No hay cómo vivir para Dios en nuestra carne, porque en ella no mora bien alguno. Querer hacer el bien puede estar en el hombre, pero no el hacerlo, a causa del pecado que lo habita (Rom. 7:18-20). La caída del hombre en el Edén fue total. El hombre está muerto en delitos y pecados (Ef. 2:1). En la carne, nadie puede agradar a Dios (Rom. 8:8).
La carne no se sujeta a la ley de Dios, ni tampoco puede hacerlo (Rom. 8:3-7). Todos los que estaban bajo la ley, estaban bajo el dominio del pecado. Nuestra naturaleza adánica, la fábrica de pecados, fue destruida completamente en la cruz. Jesús, en su muerte y resurrección, nos libró del pecado, y con su sangre nos limpió de toda nuestra maldad. Ahora somos de Cristo, y ya no podemos andar según la carne.
La carne lucha contra el Espíritu y por esto solo hay un remedio para ella: la cruz. Si no somos de Cristo, es imposible que esto sea efectivo. Es necesario que seamos llenos de Cristo, revestidos de él, y libres de las pasiones y deseos de la carne, para que vivamos en novedad de vida: «Vestíos del Señor Jesucristo, y no proveáis para los deseos de la carne» (Rom. 13:14).

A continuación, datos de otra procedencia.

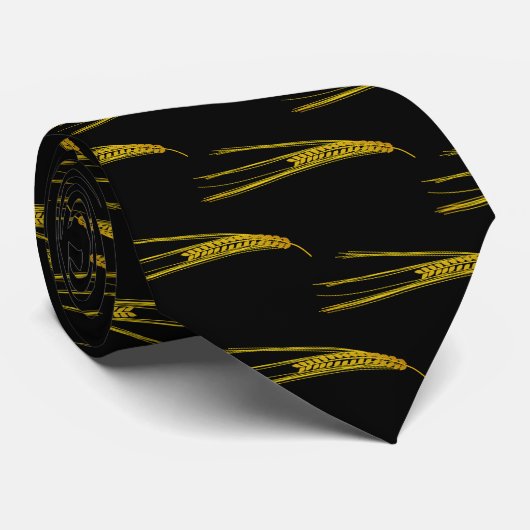 Fun Barley Pattern Black Krawatte (Gerollt)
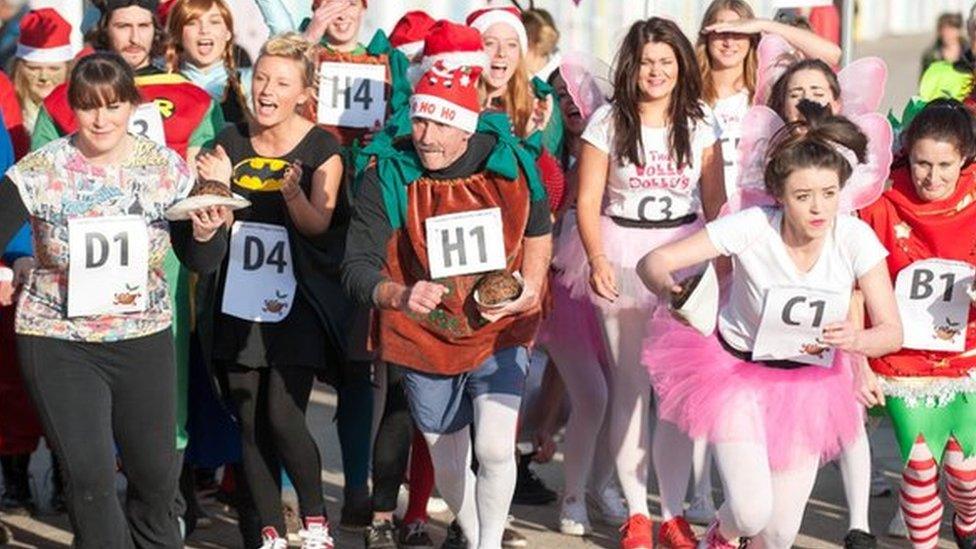 Christmas pudding race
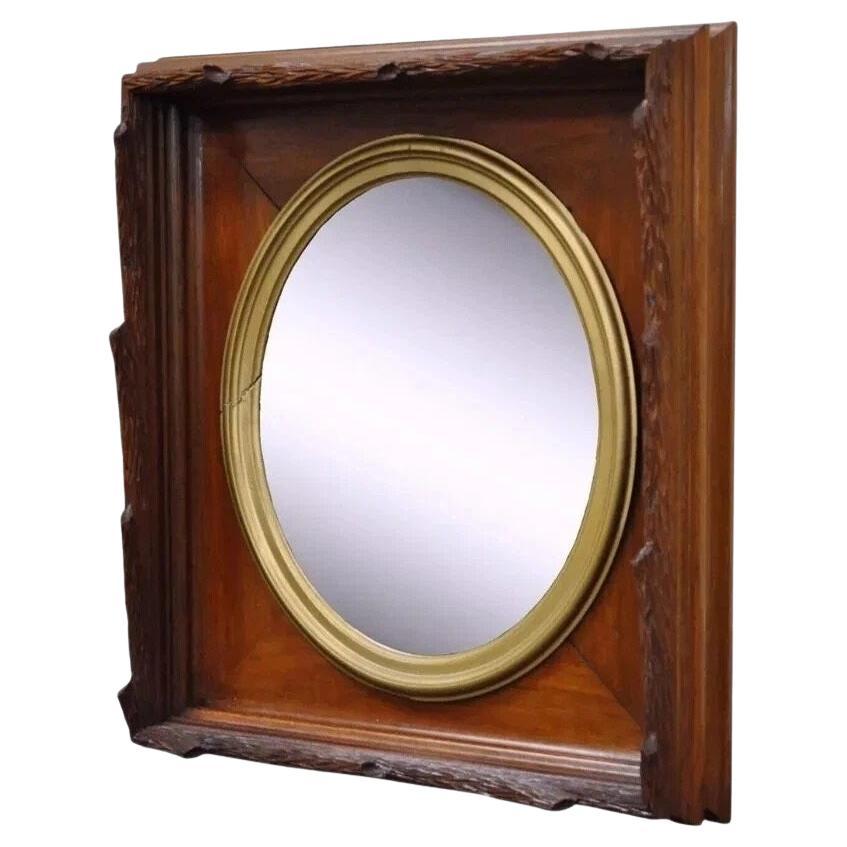 Antique Black Forest Victorian Faux Bois Carved Mahogany Gold Gilt Wall Mirror For Sale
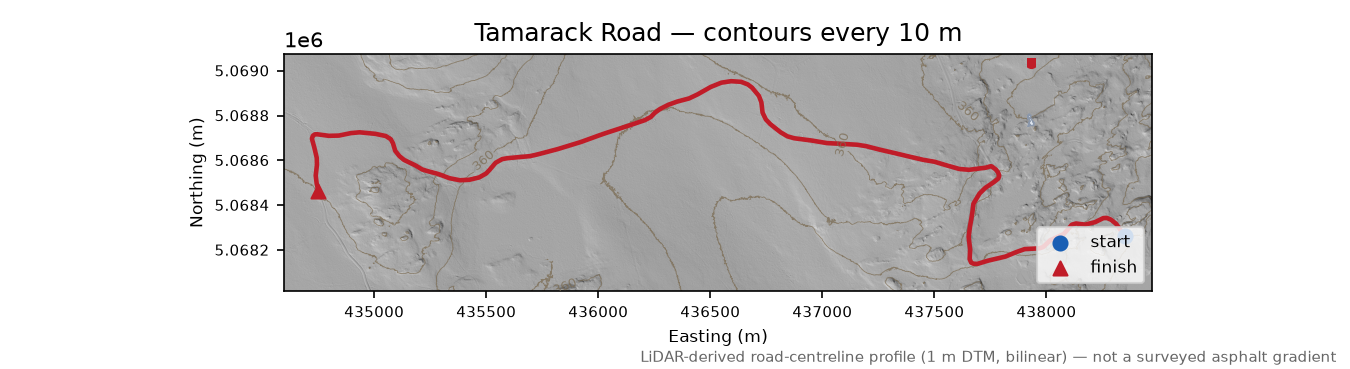 Tamarack Road LiDAR hillshade map with contours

Pelear contra la carne para agradar a Dios es ignorar la obra de la gracia, haciendo vana la cruz de Cristo. Jesús era el único que podía hacer esa obra de poder. Él nos tomó como hombres pecadores, bajo la esclavitud del pecado, y nos libertó (Juan 8.36), para presentarnos santos, sin mancha e irreprensibles delante de Dios (Col. 1:21-22).
Ya no somos esclavos. Fuimos libertados para vivir en santidad y justicia todos los días de nuestra vida. Somos libres por Cristo, pero no debemos dar ocasión a la carne; somos libres, pero no podemos ignorar el peso y el pecado que nos asedia (Heb. 12:1).
Ahora estamos en Cristo, en su Espíritu (Rom. 8:9); por tanto, somos deudores al Espíritu, no para que andemos según la carne (Rom. 8:12-15). Jesús dijo que, en la vida de fe, la carne para nada aprovecha, sino solo lo que viene del Espíritu (Juan 6:63).
Él logró grandes cosas para nosotros. Debemos avanzar hacia la meta, y asir aquello por lo cual también fuimos asidos por Cristo (Flp. 3:12-13). Aún no somos perfectos, pero debemos correr, como un buen atleta, hacia la perfección. No impidamos que su obra de poder se complete en nosotros.